Professors Brayne and Melzer co-lead the NIHR National School for Public Health Research Ageing Well programme, which is focussed on cardiovascular prevention in later life. The NIHR School has an established network of contacts with the Department of Health, Public Health England and local authorities,
We plan to use these channels to engage the field in the current project, which will add value to the existing work.

Better evidenced models of risk in early old age should be useful in primary care, for targeting advice and health checks to the right patients. The investigators will work closely with primary care colleagues to scope out the potential impacts.

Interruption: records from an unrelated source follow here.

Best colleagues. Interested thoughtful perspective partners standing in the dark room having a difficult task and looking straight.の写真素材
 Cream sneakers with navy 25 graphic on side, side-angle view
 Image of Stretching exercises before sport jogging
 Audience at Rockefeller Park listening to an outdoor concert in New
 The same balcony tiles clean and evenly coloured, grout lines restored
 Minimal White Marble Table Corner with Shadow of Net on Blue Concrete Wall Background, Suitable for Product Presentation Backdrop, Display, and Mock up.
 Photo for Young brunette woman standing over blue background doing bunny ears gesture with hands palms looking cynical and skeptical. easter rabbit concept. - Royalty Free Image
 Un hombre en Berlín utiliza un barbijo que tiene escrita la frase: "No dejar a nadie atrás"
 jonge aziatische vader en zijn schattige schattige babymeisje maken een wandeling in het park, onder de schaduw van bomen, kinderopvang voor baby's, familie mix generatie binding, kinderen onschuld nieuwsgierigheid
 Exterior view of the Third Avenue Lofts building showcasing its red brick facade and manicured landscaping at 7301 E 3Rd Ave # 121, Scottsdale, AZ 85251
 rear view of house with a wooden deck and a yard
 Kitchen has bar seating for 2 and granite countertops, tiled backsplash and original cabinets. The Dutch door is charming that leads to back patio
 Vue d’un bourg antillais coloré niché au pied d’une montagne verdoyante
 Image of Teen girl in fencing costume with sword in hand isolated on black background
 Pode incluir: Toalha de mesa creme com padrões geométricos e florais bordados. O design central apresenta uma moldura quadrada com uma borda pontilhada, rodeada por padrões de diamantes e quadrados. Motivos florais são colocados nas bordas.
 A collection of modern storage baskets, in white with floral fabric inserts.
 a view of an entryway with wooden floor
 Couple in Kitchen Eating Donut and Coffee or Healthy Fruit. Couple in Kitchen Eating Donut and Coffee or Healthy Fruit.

The PI has links to two primary care software companies, and will explore the scope for developing and testing the addition of ageing well risk algorithms for GP or web software analysis of clinical records, to highlight the potential ageing well gains from risk reduction. This could be done in health terms that matter more to middle aged people than the current models which tend to focus on the avoidance of single diseases.

Better risk measures for ageing well could have major impacts on policy models, as dependency in later life is a very major factor in current and future NHS and social care costs. The investigators will ensure that this project is taken into account in the NIHR School for Public Health Research policy model work on ageing, and in other channels to influence policy.

The genomics results should provide new mechanistic insights and clarify the roles of known variants on ageing outcomes. These results should help clarify the pathways involved, inform discussions about the relevance of existing laboratory models, and provide new ideas for intervention. The project consultants at the US National Institute on Aging (at NIH) and the Framingham Heart study are very well placed to help with the interface with basic and translational science internationally. Results may be of great interest for basic scientists and the development of more relevant laboratory models of human ageing. The results may point to potential interventions, e.g. by the pharmaceutical sector and may help identify opportunities for the development of biomarkers (i.e. the test sector). Better biomarkers of human ageing would have major impacts on improving the monitoring of ageing changes, the measurement of the effects of interventions and the estimation of prognosis, all of which are at present very limited.